La Burnett emigrò in America con la famiglia e, in seguito alla fama acquisita con la pubblicazione delle sue opere, potè tornare in Inghilterra: in questo modo riuscì a conoscere bene le realtà sociali al di là e al di quà dell'Oceano.
In "Un matrimonio inglese" (in lingua originale "Shuttle") il tema del confronto fra le due culture, quella americana e quella inglese, è portante nella struttura del racconto a volte un poco ripetitivo nella descrizione dei diversi caratteri ma, in effetti, l'autrice riesce in questo modo a spiegare un'epoca nella quale una nascente potenza economica, gli Stati Uniti, nasceva e si sviluppava grazie all'entusiasmo e alla determinazione di un popolo "giovane" che aveva bisogno di riscattarsi dalla dipendenza della madrepatria e che realizzava le sue ambizioni attraverso una tenace ricerca di un'affermazione economica.

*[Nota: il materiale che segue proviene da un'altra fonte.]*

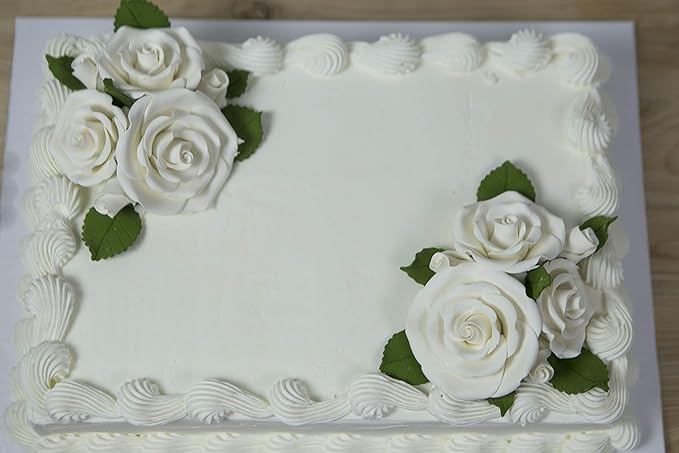 Global Sugar Art Exquisite Edble Rose & Leaf Sugar Cake Flowers Tray White, Unwired by Chef Alan Tetreault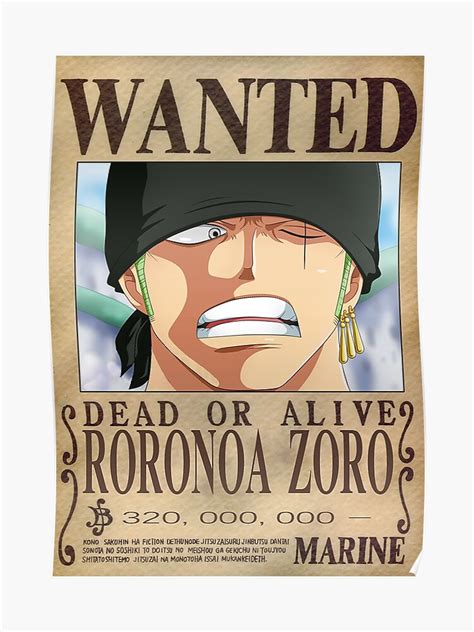 Cantik Roronoa Zoro Bounty Poster Koleksi Poster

L'entusiasmo del nuovo si scontra con la tradizione della vecchia Europa che con i suoi titoli nobiliari, pur privi di un effettivo patrimonio, e la sua storia sono ambiti dai nuovi ricchi, dall'alta borghesia americana a sugello della propria affermazione; ecco da quali sentimenti nacquero i matrimoni tra i ricchi americani e i nobili inglesi ed ecco l'inizio della trama del libro: una giovanissima e influenzabile donna americana Rosalie, erede di un enorme patrimonio, contrae un matrimonio con un nobile e squattrinato lord inglese e con lui parte alla volta del vecchio continente ma il carattere debole e ansioso di compiacere di lei si scontra con una mentalità meschina di un uomo privo di scrupoli o di senso morale che usa la sua disapprovazione e la violenza psicologica, oltre che fisica, per annientare la moglie e costringerla a cedergli la gestione della propria rendita allontanandola dalla famiglia di origine.
Il senso di inadeguatezza di lei, la sua confusione di fronte ad una durezza che nella sua vita agiata di figlia amata e viziata non ha mai conosciuto sono descritte in modo estremamente realistico e rappresentano una realtà ancora attuale: il lettore viene come avvolto da una coperta pesante e insopportabile che è quella del maltrattamento e dell'abuso familiare. 
Passano gli anni e la sorella di Rosalie, che all'epoca del matrimonio era una bambina e che non si è mai rassegnata ad una separazione definitiva e inspiegabile, decide di chiarire il mistero di una così lunga assenza e perciò parte alla volta della tenuta in campagna del cognato per una visita alla sorella e al nipote. Il suo sgomento sarà enorme nel realizzare lo stato di prostrazione fisica e morale in cui è precipitata Rosalie vittima delle vessazioni del marito e solo la sua intelligenza e accortezza le permetteranno di aiutare la sventurata sorella.
Il lieto fine, anche un poco moralistico, in cui l'amore e i buoni sentimenti trionferanno sono un po' scontati e devo ammettere che si tratta di un romanzo il cui stile di scrittura è decisamente verboso e a tratti ripetitivo ma allo stesso tempo l'ho trovato piacevole perchè induce a rilassarsi in poltrona e a lasciarsi trasportare dalle parole che creano l'atmosfera che ti trasportano in altri tempi e luoghi... come difficilmente un romanzo storico scritto oggi riesce a fare: forse perchè non siamo più abituati ad un ritmo narrativo lento in cui non ci sia un veloce susseguirsi di accadimenti ma una paziente ricostruzione delle emozioni e della natura dei personaggi e degli ambienti in cui questi si muovono.